Alors que, depuis sa généralisation dans les années 1990, la piétonnisation des rues urbaines répond à un principe de différenciation des centres-villes vis-à-vis des secteurs dominés par l’automobile, les premières mesures en France dans les années 1970 répondaient davantage à une logique touristique et commerciale, comme le montre l’exemple de la piétonnisation de la rue du Jeu-des-Enfants à Strasbourg, portée par les commerçants locaux.

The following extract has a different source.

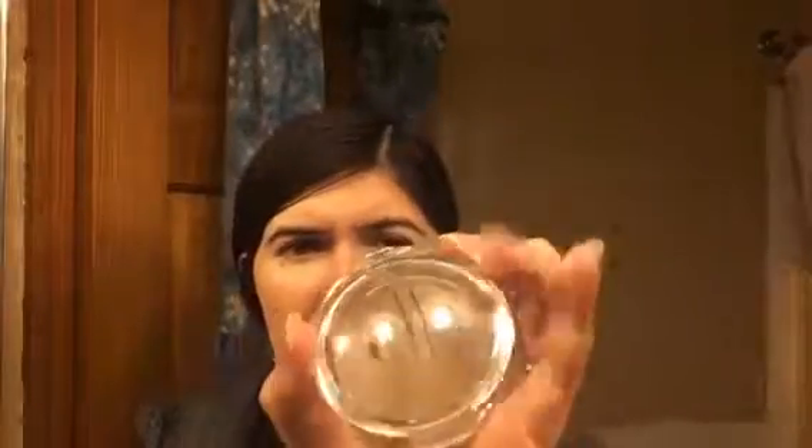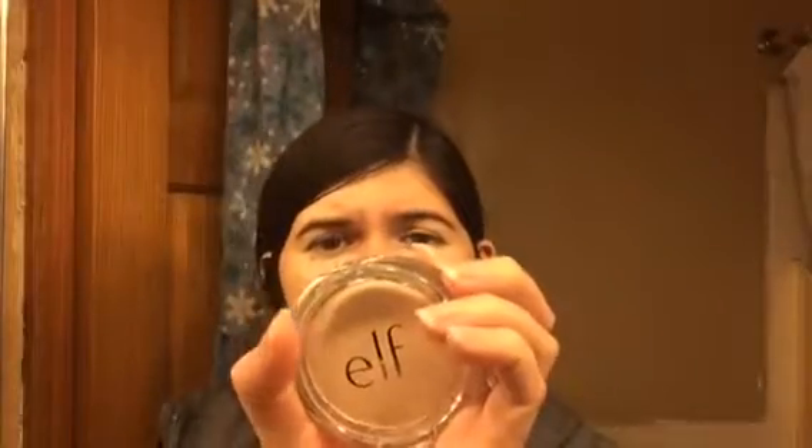Then I'm going to use some powder to set it. I'm using the e.l.f. Prime and Stay Finishing Powder in the Translucent Fair Light color.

Strasbourg est une ville emblématique de la piétonnisation érigée en politique urbaine. Dès les années 1970, le parvis de la cathédrale et le quartier pittoresque de la Petite France sont piétonnisés afin de stimuler l’activité touristique ; l’arrivée du tramway en 1994 généralise cette politique. Les circulations motorisées disparaissent des axes très commerçants (rue des Francs-Bourgeois, rue des Hallebardes) et de lieux historiques (place Kléber) au profit de la piétonnisation, accompagnée du réaménagement en profondeur des espaces publics. La piétonnisation de l’hypercentre s’inscrit dans la stratégie d’attractivité métropolitaine et régionale portée par l’Eurométropole [1] ; cette politique s’inscrit dans un contexte de « soutien aux fonctions commerciales et de services de niveau métropolitain en centre-ville » (Koenig et Lalau-Kéraly 1994), déjà amorcée par le plan de sauvegarde et de mise en valeur (PSMV) [2] de 1985.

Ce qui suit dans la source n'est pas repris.